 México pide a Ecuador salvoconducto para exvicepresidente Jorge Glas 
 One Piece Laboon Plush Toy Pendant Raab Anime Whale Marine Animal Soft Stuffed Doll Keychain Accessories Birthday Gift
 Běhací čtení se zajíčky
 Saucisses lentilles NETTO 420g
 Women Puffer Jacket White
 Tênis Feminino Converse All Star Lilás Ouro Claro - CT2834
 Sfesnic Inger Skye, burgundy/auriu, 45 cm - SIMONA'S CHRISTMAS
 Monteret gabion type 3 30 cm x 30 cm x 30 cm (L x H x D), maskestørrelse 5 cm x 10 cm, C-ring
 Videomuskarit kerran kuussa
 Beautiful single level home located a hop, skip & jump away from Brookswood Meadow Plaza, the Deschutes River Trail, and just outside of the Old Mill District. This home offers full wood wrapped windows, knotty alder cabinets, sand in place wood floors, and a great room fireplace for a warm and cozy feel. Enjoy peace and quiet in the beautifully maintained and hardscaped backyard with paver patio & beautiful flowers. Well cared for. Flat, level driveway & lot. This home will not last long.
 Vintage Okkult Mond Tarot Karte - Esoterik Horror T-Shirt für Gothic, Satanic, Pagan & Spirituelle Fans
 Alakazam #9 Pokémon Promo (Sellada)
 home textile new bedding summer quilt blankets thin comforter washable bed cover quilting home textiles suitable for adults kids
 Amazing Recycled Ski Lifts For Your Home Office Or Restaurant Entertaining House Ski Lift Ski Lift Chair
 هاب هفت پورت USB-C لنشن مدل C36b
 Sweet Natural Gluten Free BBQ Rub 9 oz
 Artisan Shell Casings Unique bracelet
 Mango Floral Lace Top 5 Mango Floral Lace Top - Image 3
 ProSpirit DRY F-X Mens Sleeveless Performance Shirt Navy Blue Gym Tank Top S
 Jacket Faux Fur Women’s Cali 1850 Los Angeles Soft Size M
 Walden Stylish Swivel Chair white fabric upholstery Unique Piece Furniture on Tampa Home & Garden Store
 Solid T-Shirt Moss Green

###

> TASK STATEMENT:
Reproduce the lines of the entries above from the one with "Saucisses lentilles NETTO 420g" to the one with "Videomuskarit kerran kuussa", both included, exactly and without any other line.

> TASK RESULT:
 Saucisses lentilles NETTO 420g
 Women Puffer Jacket White
 Tênis Feminino Converse All Star Lilás Ouro Claro - CT2834
 Sfesnic Inger Skye, burgundy/auriu, 45 cm - SIMONA'S CHRISTMAS
 Monteret gabion type 3 30 cm x 30 cm x 30 cm (L x H x D), maskestørrelse 5 cm x 10 cm, C-ring
 Videomuskarit kerran kuussa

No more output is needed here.